= TASK PROMPT =
Check each line of the entries. Copy the ones that contain the string "Houston".

= DATA SUPPLIED =

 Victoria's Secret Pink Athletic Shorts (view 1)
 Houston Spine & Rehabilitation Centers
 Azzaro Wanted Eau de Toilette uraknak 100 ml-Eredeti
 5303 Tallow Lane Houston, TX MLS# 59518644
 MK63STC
==
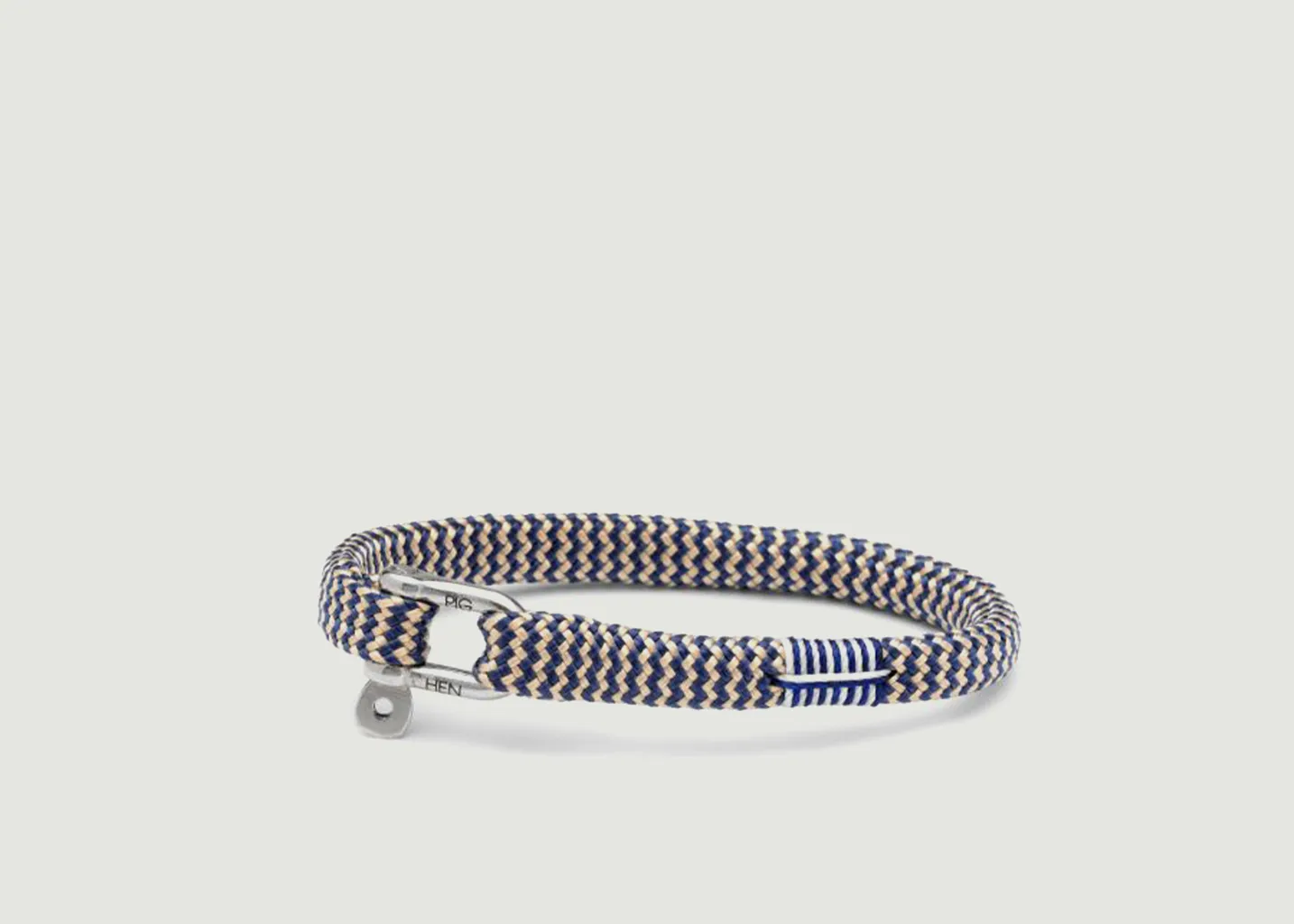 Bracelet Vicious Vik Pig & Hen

= EXERCISE RESPONSE =
 Houston Spine & Rehabilitation Centers
 5303 Tallow Lane Houston, TX MLS# 59518644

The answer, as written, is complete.